Pyspark Count includes Nulls

Question

Running a simple example -

dept = [("Finance",10),("Marketing",None),("Sales",30),("IT",40)] deptColumns = ["dept_name","dept_id"] rdd = sc.parallelize(dept) df = rdd.toDF(deptColumns) df.show(truncate=False) print('count the dept_id, should be 3') print('count: ' + str(df.select(F.col("dept_id")).count()))

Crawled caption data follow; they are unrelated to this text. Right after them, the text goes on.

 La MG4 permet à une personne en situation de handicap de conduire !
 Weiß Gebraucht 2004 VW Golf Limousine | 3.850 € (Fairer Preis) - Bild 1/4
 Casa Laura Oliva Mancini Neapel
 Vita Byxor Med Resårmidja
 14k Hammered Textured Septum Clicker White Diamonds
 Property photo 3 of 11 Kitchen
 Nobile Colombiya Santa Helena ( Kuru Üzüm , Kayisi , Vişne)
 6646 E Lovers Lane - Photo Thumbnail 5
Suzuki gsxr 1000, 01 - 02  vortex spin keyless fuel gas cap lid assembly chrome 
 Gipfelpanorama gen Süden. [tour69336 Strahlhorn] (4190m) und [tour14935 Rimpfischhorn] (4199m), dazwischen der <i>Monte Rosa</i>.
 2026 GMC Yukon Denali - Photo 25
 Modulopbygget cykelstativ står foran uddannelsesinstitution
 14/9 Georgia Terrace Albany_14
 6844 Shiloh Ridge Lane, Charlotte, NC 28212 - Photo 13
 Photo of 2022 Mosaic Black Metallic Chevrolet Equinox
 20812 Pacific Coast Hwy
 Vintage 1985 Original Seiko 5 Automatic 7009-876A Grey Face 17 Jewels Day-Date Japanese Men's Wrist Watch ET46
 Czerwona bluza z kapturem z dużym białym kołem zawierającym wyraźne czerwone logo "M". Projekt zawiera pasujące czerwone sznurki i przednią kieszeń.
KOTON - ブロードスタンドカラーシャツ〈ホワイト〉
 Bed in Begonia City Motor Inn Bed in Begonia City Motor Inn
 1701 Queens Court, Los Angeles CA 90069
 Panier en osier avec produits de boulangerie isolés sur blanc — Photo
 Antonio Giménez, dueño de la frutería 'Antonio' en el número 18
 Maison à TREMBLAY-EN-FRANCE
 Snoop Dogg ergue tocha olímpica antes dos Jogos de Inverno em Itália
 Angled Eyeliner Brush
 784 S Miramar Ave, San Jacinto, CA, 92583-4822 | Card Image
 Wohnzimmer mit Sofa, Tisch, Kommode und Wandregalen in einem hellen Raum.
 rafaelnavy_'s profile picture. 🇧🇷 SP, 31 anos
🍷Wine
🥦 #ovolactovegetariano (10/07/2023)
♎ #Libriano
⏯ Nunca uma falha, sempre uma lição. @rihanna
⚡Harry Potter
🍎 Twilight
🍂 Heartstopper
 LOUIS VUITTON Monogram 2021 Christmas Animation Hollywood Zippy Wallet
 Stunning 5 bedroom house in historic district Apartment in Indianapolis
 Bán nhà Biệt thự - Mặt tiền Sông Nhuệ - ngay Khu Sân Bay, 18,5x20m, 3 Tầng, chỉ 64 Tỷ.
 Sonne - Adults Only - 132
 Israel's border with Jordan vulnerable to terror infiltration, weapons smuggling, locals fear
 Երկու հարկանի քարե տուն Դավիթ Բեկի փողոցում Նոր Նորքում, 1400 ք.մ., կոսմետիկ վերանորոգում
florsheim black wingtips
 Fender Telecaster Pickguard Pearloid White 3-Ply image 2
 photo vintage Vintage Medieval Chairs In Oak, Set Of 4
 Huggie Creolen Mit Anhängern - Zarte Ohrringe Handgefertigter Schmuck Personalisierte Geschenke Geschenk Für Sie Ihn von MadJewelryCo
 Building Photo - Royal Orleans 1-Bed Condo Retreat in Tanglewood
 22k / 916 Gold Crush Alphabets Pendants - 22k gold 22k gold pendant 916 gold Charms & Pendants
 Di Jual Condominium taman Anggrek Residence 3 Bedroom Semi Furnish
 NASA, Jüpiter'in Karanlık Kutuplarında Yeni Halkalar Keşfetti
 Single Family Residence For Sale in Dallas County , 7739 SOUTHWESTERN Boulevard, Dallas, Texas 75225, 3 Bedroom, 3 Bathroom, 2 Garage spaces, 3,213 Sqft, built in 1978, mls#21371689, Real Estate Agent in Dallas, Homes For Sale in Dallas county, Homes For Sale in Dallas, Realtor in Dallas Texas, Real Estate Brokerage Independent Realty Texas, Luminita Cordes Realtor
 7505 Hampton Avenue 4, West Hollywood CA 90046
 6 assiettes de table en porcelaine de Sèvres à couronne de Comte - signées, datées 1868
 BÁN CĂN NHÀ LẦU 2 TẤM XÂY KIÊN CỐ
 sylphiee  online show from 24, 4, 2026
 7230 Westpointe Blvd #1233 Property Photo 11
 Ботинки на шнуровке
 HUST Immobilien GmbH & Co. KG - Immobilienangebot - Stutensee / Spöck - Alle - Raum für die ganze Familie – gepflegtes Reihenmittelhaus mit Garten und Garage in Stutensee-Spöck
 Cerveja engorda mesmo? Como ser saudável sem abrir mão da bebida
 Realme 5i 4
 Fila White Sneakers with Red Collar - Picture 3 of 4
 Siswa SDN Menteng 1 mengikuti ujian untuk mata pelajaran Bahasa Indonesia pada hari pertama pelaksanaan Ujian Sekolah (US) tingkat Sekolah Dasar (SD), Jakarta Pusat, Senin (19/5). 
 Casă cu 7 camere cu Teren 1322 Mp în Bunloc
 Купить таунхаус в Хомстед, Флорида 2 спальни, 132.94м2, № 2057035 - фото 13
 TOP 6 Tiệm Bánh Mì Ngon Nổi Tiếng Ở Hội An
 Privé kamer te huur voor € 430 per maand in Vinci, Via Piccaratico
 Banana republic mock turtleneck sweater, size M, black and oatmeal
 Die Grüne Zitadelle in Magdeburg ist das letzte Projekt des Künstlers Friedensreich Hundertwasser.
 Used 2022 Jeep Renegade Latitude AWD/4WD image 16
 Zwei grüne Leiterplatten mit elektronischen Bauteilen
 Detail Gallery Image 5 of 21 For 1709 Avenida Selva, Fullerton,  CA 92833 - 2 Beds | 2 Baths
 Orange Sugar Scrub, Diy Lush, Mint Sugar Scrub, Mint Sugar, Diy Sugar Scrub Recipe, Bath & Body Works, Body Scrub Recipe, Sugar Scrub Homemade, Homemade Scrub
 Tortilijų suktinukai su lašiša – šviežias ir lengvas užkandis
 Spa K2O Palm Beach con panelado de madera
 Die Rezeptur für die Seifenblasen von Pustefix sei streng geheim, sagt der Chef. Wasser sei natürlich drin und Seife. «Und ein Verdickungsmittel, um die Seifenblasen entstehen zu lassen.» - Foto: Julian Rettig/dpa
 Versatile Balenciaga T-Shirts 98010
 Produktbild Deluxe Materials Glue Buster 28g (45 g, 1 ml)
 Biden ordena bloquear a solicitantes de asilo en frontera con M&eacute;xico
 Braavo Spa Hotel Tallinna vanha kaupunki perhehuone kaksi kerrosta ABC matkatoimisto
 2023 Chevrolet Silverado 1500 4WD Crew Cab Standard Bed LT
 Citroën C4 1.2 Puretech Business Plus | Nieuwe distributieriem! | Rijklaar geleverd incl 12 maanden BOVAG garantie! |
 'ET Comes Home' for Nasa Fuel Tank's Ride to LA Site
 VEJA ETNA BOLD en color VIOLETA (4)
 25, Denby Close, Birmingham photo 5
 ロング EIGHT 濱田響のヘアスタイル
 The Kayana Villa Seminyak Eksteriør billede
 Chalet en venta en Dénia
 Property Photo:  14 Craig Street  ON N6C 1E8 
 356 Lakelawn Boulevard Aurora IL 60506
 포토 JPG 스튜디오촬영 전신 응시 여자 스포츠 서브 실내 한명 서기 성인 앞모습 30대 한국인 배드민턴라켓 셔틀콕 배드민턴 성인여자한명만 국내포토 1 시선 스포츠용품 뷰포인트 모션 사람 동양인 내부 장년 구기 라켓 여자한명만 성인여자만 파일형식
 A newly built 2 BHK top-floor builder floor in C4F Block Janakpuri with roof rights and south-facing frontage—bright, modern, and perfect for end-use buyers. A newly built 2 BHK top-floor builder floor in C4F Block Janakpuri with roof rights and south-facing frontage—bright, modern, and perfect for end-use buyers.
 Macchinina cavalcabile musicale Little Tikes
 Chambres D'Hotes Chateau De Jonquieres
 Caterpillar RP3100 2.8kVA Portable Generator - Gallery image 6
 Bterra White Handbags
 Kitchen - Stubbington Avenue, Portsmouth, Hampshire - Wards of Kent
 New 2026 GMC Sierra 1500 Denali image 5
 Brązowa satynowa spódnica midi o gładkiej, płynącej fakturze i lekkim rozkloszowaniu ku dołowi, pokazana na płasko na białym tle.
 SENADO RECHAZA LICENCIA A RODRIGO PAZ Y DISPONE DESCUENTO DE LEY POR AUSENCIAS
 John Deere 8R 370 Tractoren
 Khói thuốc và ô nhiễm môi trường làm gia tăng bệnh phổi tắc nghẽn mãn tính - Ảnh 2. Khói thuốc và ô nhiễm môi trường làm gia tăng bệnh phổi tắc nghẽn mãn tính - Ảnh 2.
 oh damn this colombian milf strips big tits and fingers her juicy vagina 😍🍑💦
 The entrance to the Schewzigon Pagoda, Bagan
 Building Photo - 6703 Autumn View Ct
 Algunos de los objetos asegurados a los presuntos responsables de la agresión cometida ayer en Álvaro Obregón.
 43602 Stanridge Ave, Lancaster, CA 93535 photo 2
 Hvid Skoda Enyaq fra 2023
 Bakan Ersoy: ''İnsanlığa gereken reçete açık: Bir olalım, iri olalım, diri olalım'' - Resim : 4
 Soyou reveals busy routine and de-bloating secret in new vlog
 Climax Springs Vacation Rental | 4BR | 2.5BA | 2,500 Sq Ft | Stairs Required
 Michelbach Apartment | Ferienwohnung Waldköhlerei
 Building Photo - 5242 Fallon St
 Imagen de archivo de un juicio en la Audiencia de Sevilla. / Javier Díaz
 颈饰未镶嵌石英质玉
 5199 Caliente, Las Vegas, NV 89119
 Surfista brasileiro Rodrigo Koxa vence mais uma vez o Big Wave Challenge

We get the following output -

+---------+-------+ |dept_name|dept_id| +---------+-------+ |Finance |10 | |Marketing|null | |Sales |30 | |IT |40 | +---------+-------+ count the dept_id, should be 3 count: 4

I'm running on databricks and this is my stack - Spark 3.0.1 scala 2.12, DBR 7.3 LTS

Thanks for any help!!

werner · Accepted Answer · 2021-05-08 17:28:40Z

There is a subtle difference between the count function of the Dataframe API and the count function of Spark SQL. The first one simply counts the rows while the second one can ignore null values.

You are using Dataframe.count(). According to the documentation, this function

returns the number of rows in this DataFrame

So the result 4 is correct as there are 4 rows in the dataframe.

If null values should be ignored, you can use the Spark SQL function count which can ignore null values:

count(expr[, expr...]) - Returns the number of rows for which the supplied expression(s) are all non-null.

For example

df.selectExpr("count(dept_id)").show()

returns 3.

I've used this - which apparantly includes non-null as well: spark.apache.org/docs/3.1.1/api/python/reference/api/…

Shahar Katz · Accepted Answer · 2021-05-08 18:23:50Z

Another alternative solution to @werner is using the pyspark.sql.functions

from pyspark.sql import functions as F print('count: ' + str(df.select(F.count(F.col("dept_id"))).collect()))

everfight · Accepted Answer · 2021-05-08 09:28:26Z

0

Your code is not complete. Maybe you can just add 'isNotNull()' before count()

My code like this:

from pyspark.sql.functions import col, count print('count the dept_id, should be 3') print('count: ' + str(df.filter(col("dept_id").isNotNull()).count()))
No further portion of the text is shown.